Transcribe every entry exactly, with nothing added or left out.

(Saved entries)
※ ※ ※

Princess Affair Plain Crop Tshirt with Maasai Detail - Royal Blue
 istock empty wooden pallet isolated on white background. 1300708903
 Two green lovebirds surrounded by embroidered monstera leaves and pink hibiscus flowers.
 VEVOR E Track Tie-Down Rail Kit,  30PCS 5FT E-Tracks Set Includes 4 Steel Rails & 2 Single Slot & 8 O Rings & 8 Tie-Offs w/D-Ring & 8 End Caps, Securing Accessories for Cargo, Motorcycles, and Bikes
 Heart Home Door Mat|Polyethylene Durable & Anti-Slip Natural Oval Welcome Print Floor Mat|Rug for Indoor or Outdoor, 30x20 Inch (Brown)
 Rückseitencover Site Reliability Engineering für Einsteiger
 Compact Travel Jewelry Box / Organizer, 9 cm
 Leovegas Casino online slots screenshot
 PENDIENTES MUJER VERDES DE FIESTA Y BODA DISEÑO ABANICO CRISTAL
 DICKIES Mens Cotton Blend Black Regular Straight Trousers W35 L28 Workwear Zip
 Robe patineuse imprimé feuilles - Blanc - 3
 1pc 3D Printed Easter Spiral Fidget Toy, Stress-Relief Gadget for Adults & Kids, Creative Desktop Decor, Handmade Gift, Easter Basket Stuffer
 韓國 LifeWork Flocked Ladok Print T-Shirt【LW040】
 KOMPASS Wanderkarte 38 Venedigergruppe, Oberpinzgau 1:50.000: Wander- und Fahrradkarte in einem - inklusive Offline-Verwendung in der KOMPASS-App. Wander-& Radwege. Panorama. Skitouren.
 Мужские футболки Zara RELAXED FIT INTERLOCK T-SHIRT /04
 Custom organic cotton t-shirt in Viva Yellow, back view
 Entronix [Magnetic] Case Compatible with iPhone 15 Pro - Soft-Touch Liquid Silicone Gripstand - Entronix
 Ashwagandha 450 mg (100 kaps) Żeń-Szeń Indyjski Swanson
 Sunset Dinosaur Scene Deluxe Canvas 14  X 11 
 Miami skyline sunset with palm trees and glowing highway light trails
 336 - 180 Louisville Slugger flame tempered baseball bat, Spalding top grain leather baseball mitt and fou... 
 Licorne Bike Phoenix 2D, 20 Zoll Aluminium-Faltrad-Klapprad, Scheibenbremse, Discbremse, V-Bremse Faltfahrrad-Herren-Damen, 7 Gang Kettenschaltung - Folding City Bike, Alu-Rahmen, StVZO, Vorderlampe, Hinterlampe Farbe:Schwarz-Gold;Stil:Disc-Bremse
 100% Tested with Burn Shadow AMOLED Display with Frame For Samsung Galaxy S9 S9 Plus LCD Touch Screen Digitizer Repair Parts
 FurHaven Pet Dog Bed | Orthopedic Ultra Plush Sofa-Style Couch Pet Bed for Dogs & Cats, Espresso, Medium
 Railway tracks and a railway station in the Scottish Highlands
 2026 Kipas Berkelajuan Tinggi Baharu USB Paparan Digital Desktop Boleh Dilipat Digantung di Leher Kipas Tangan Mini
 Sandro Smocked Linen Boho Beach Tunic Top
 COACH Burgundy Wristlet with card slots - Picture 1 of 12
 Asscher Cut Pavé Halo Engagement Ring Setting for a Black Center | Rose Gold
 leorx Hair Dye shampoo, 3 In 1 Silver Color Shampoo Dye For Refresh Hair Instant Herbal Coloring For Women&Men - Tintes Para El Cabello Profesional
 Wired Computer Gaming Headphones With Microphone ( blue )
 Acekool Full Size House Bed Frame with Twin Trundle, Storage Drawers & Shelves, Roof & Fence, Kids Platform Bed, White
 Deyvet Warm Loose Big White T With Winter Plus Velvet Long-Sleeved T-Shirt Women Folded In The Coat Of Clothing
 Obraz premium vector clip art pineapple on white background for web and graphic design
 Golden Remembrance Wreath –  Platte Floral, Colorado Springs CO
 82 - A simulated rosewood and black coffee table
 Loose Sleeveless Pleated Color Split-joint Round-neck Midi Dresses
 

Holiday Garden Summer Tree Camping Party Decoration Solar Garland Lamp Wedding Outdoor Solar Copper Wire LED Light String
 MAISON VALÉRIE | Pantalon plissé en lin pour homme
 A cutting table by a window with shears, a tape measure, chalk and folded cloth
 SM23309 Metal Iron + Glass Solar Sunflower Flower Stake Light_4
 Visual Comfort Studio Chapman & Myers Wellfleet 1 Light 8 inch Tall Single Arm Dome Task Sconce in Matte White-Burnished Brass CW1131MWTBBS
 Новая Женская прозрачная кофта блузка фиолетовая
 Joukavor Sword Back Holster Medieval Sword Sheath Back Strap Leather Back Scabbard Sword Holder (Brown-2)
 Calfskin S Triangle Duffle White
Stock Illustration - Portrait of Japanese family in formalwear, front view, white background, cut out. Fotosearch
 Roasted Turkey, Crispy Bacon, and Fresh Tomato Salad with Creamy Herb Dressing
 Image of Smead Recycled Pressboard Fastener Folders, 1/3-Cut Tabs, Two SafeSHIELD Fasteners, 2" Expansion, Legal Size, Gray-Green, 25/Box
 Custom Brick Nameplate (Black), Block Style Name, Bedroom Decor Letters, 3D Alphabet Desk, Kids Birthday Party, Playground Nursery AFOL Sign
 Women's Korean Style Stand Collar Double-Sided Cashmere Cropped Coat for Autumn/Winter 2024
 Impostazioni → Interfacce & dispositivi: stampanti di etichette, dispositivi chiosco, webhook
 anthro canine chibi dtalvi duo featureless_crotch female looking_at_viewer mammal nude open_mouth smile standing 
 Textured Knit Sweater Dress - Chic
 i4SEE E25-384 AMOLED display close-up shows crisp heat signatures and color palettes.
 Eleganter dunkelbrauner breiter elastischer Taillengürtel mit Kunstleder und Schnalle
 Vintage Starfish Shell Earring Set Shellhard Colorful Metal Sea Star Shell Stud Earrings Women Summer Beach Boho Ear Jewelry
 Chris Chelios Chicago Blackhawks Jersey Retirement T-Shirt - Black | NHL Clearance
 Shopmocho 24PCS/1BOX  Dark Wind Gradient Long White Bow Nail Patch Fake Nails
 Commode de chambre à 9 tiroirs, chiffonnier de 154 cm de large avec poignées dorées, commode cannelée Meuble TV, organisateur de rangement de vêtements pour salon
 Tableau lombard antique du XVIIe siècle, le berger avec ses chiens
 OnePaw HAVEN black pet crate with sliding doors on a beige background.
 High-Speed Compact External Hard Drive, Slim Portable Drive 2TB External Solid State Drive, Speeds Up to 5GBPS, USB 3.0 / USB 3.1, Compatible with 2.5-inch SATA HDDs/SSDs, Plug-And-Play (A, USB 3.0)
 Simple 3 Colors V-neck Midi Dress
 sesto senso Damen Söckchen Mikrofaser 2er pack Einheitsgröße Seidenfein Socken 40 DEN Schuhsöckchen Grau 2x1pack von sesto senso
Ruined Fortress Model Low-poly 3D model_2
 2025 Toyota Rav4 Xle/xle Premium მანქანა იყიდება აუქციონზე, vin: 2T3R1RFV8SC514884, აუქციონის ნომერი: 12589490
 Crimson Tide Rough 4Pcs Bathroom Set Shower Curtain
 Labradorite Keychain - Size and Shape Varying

※ ※ ※

**Finished exercise**
Princess Affair Plain Crop Tshirt with Maasai Detail - Royal Blue
 istock empty wooden pallet isolated on white background. 1300708903
 Two green lovebirds surrounded by embroidered monstera leaves and pink hibiscus flowers.
 VEVOR E Track Tie-Down Rail Kit,  30PCS 5FT E-Tracks Set Includes 4 Steel Rails & 2 Single Slot & 8 O Rings & 8 Tie-Offs w/D-Ring & 8 End Caps, Securing Accessories for Cargo, Motorcycles, and Bikes
 Heart Home Door Mat|Polyethylene Durable & Anti-Slip Natural Oval Welcome Print Floor Mat|Rug for Indoor or Outdoor, 30x20 Inch (Brown)
 Rückseitencover Site Reliability Engineering für Einsteiger
 Compact Travel Jewelry Box / Organizer, 9 cm
 Leovegas Casino online slots screenshot
 PENDIENTES MUJER VERDES DE FIESTA Y BODA DISEÑO ABANICO CRISTAL
 DICKIES Mens Cotton Blend Black Regular Straight Trousers W35 L28 Workwear Zip
 Robe patineuse imprimé feuilles - Blanc - 3
 1pc 3D Printed Easter Spiral Fidget Toy, Stress-Relief Gadget for Adults & Kids, Creative Desktop Decor, Handmade Gift, Easter Basket Stuffer
 韓國 LifeWork Flocked Ladok Print T-Shirt【LW040】
 KOMPASS Wanderkarte 38 Venedigergruppe, Oberpinzgau 1:50.000: Wander- und Fahrradkarte in einem - inklusive Offline-Verwendung in der KOMPASS-App. Wander-& Radwege. Panorama. Skitouren.
 Мужские футболки Zara RELAXED FIT INTERLOCK T-SHIRT /04
 Custom organic cotton t-shirt in Viva Yellow, back view
 Entronix [Magnetic] Case Compatible with iPhone 15 Pro - Soft-Touch Liquid Silicone Gripstand - Entronix
 Ashwagandha 450 mg (100 kaps) Żeń-Szeń Indyjski Swanson
 Sunset Dinosaur Scene Deluxe Canvas 14  X 11 
 Miami skyline sunset with palm trees and glowing highway light trails
 336 - 180 Louisville Slugger flame tempered baseball bat, Spalding top grain leather baseball mitt and fou... 
 Licorne Bike Phoenix 2D, 20 Zoll Aluminium-Faltrad-Klapprad, Scheibenbremse, Discbremse, V-Bremse Faltfahrrad-Herren-Damen, 7 Gang Kettenschaltung - Folding City Bike, Alu-Rahmen, StVZO, Vorderlampe, Hinterlampe Farbe:Schwarz-Gold;Stil:Disc-Bremse
 100% Tested with Burn Shadow AMOLED Display with Frame For Samsung Galaxy S9 S9 Plus LCD Touch Screen Digitizer Repair Parts
 FurHaven Pet Dog Bed | Orthopedic Ultra Plush Sofa-Style Couch Pet Bed for Dogs & Cats, Espresso, Medium
 Railway tracks and a railway station in the Scottish Highlands
 2026 Kipas Berkelajuan Tinggi Baharu USB Paparan Digital Desktop Boleh Dilipat Digantung di Leher Kipas Tangan Mini
 Sandro Smocked Linen Boho Beach Tunic Top
 COACH Burgundy Wristlet with card slots - Picture 1 of 12
 Asscher Cut Pavé Halo Engagement Ring Setting for a Black Center | Rose Gold
 leorx Hair Dye shampoo, 3 In 1 Silver Color Shampoo Dye For Refresh Hair Instant Herbal Coloring For Women&Men - Tintes Para El Cabello Profesional
 Wired Computer Gaming Headphones With Microphone ( blue )
 Acekool Full Size House Bed Frame with Twin Trundle, Storage Drawers & Shelves, Roof & Fence, Kids Platform Bed, White
 Deyvet Warm Loose Big White T With Winter Plus Velvet Long-Sleeved T-Shirt Women Folded In The Coat Of Clothing
 Obraz premium vector clip art pineapple on white background for web and graphic design
 Golden Remembrance Wreath –  Platte Floral, Colorado Springs CO
 82 - A simulated rosewood and black coffee table
 Loose Sleeveless Pleated Color Split-joint Round-neck Midi Dresses
 

Holiday Garden Summer Tree Camping Party Decoration Solar Garland Lamp Wedding Outdoor Solar Copper Wire LED Light String
 MAISON VALÉRIE | Pantalon plissé en lin pour homme
 A cutting table by a window with shears, a tape measure, chalk and folded cloth
 SM23309 Metal Iron + Glass Solar Sunflower Flower Stake Light_4
 Visual Comfort Studio Chapman & Myers Wellfleet 1 Light 8 inch Tall Single Arm Dome Task Sconce in Matte White-Burnished Brass CW1131MWTBBS
 Новая Женская прозрачная кофта блузка фиолетовая
 Joukavor Sword Back Holster Medieval Sword Sheath Back Strap Leather Back Scabbard Sword Holder (Brown-2)
 Calfskin S Triangle Duffle White
Stock Illustration - Portrait of Japanese family in formalwear, front view, white background, cut out. Fotosearch
 Roasted Turkey, Crispy Bacon, and Fresh Tomato Salad with Creamy Herb Dressing
 Image of Smead Recycled Pressboard Fastener Folders, 1/3-Cut Tabs, Two SafeSHIELD Fasteners, 2" Expansion, Legal Size, Gray-Green, 25/Box
 Custom Brick Nameplate (Black), Block Style Name, Bedroom Decor Letters, 3D Alphabet Desk, Kids Birthday Party, Playground Nursery AFOL Sign
 Women's Korean Style Stand Collar Double-Sided Cashmere Cropped Coat for Autumn/Winter 2024
 Impostazioni → Interfacce & dispositivi: stampanti di etichette, dispositivi chiosco, webhook
 anthro canine chibi dtalvi duo featureless_crotch female looking_at_viewer mammal nude open_mouth smile standing 
 Textured Knit Sweater Dress - Chic
 i4SEE E25-384 AMOLED display close-up shows crisp heat signatures and color palettes.
 Eleganter dunkelbrauner breiter elastischer Taillengürtel mit Kunstleder und Schnalle
 Vintage Starfish Shell Earring Set Shellhard Colorful Metal Sea Star Shell Stud Earrings Women Summer Beach Boho Ear Jewelry
 Chris Chelios Chicago Blackhawks Jersey Retirement T-Shirt - Black | NHL Clearance
 Shopmocho 24PCS/1BOX  Dark Wind Gradient Long White Bow Nail Patch Fake Nails
 Commode de chambre à 9 tiroirs, chiffonnier de 154 cm de large avec poignées dorées, commode cannelée Meuble TV, organisateur de rangement de vêtements pour salon
 Tableau lombard antique du XVIIe siècle, le berger avec ses chiens
 OnePaw HAVEN black pet crate with sliding doors on a beige background.
 High-Speed Compact External Hard Drive, Slim Portable Drive 2TB External Solid State Drive, Speeds Up to 5GBPS, USB 3.0 / USB 3.1, Compatible with 2.5-inch SATA HDDs/SSDs, Plug-And-Play (A, USB 3.0)
 Simple 3 Colors V-neck Midi Dress
 sesto senso Damen Söckchen Mikrofaser 2er pack Einheitsgröße Seidenfein Socken 40 DEN Schuhsöckchen Grau 2x1pack von sesto senso
Ruined Fortress Model Low-poly 3D model_2
 2025 Toyota Rav4 Xle/xle Premium მანქანა იყიდება აუქციონზე, vin: 2T3R1RFV8SC514884, აუქციონის ნომერი: 12589490
 Crimson Tide Rough 4Pcs Bathroom Set Shower Curtain
 Labradorite Keychain - Size and Shape Varying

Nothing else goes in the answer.